__Exercise brief__
If pictures appear, leave them out, and return exactly the lines from the one holding "Hello everyone, here" through the last line of the listing below.

__Data for this exercise__
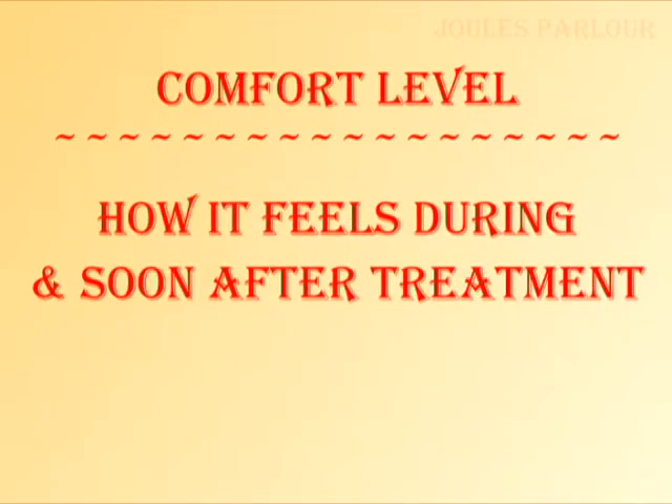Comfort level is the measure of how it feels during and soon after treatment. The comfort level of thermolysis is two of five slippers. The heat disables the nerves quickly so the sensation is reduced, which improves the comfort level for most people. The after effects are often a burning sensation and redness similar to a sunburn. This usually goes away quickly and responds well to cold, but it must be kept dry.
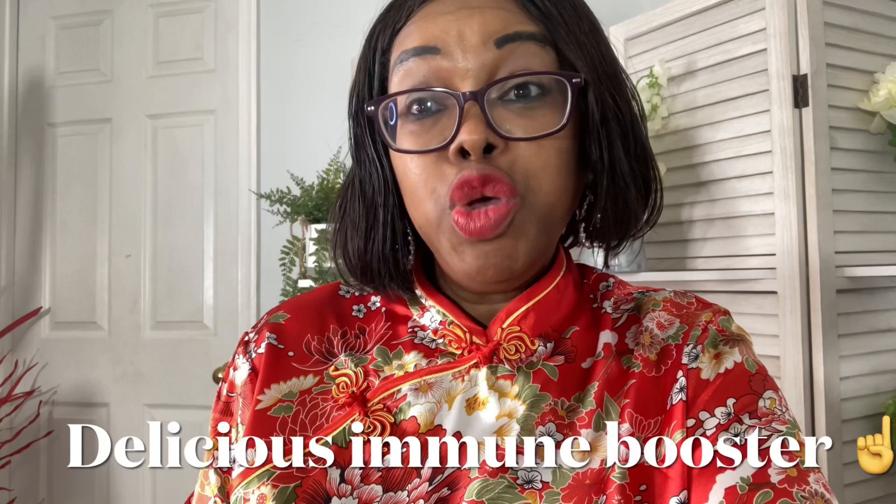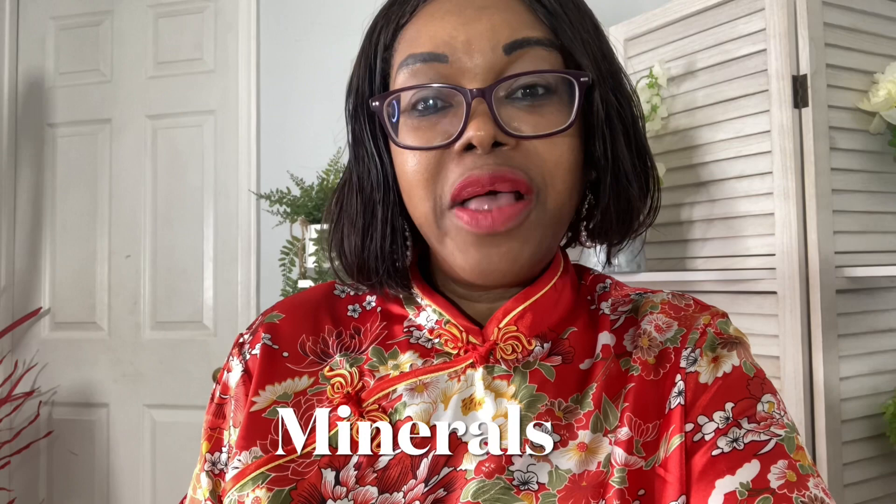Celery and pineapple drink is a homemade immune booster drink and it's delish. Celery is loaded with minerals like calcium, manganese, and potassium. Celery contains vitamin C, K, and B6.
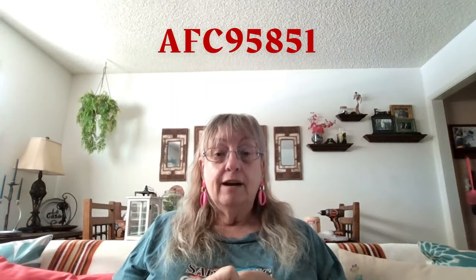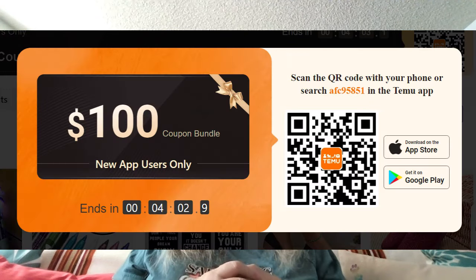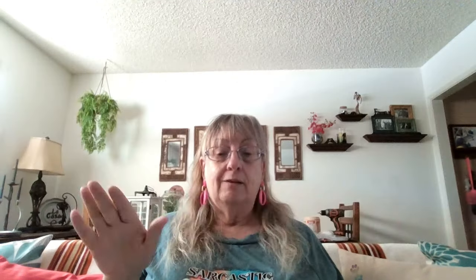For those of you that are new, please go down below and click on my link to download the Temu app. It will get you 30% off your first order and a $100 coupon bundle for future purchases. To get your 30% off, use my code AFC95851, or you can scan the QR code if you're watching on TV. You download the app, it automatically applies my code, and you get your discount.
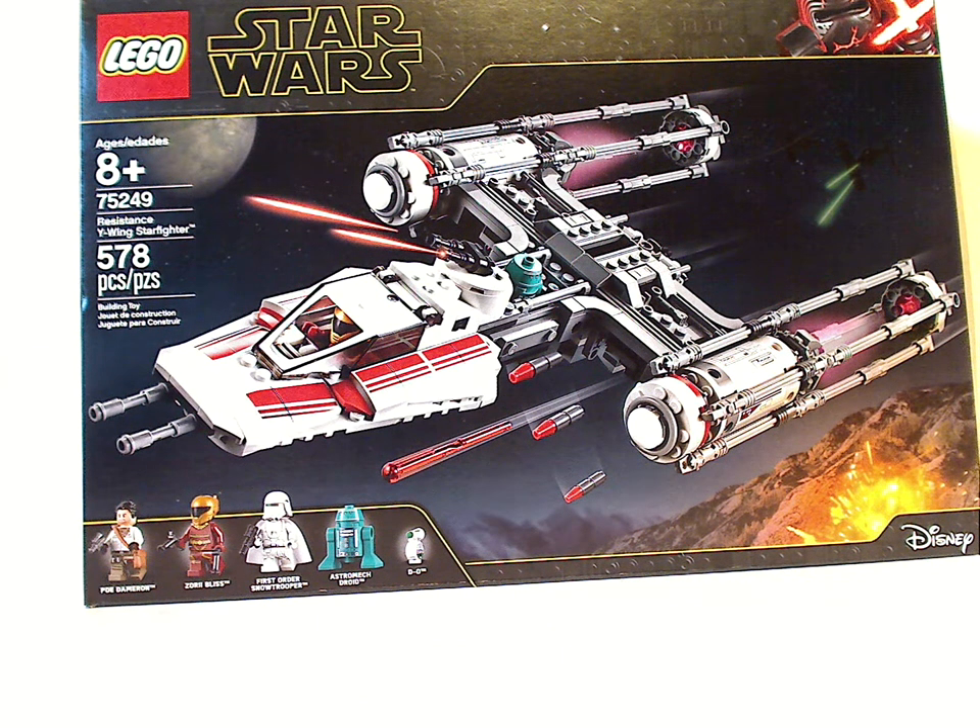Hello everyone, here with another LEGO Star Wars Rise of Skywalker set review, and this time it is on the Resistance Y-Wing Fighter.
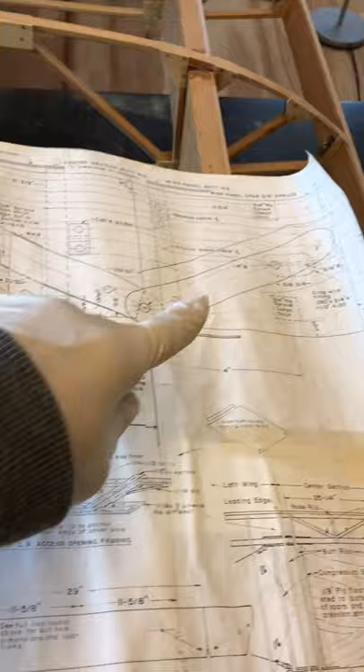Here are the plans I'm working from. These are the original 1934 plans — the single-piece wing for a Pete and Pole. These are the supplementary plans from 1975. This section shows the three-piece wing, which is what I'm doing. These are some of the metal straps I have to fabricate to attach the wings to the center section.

__Completed task__
Hello everyone, here with another LEGO Star Wars Rise of Skywalker set review, and this time it is on the Resistance Y-Wing Fighter.
Here are the plans I'm working from. These are the original 1934 plans — the single-piece wing for a Pete and Pole. These are the supplementary plans from 1975. This section shows the three-piece wing, which is what I'm doing. These are some of the metal straps I have to fabricate to attach the wings to the center section.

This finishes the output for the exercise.